The lights dimmed on Broadway Saturday as members of the union representing stagehands went on strike. From VOA's New York Bureau, correspondent Barbara Schoetzau has the story.
Picket lines replaced audiences lining up for matinees on the most popular day of the week for theater attendance. Most Broadway shows have afternoon and evening performances on Saturday.
The strike is not a surprise. The stagehands union, Local One of the International Alliance of Theatrical Stage Employees and the League of American Theaters and Producers, have been bargaining over work rules and staffing requirements for months.

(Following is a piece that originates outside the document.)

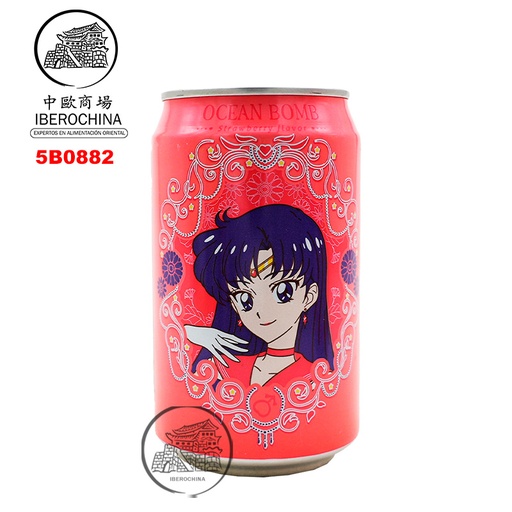 [5B0882] BEBIDA FRESA *OCEAN BOMB* 草莓风味汽泡水 330ml/24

The union's contract expired at the end of July.
Audiences hoped until the last moment that the doors would open.
"This is one experience of New York City that some of these kids will never have again," said one resident. "Some of them will never even get to be in New York City again and to get to see a Broadway show, nothing compares."
James Sanna is a producer of the recently opened holiday show, The Grinch Who Stole Christmas. "It is devastating because we have seven sold-out shows between Saturday and Sunday," he noted, "and not a lot of notification for the customers, so they'll be coming here. It really hurts that the show is not going to happen."
The strike comes at the start of the busy holiday season with several new shows scheduled to open within the next few weeks. A total of 26 Broadway theaters shut their doors just hours before Saturday matinees were to begin. Actors are not on strike, but will not cross picket lines. Several shows have separate union contracts, and at those theaters, the show will go on.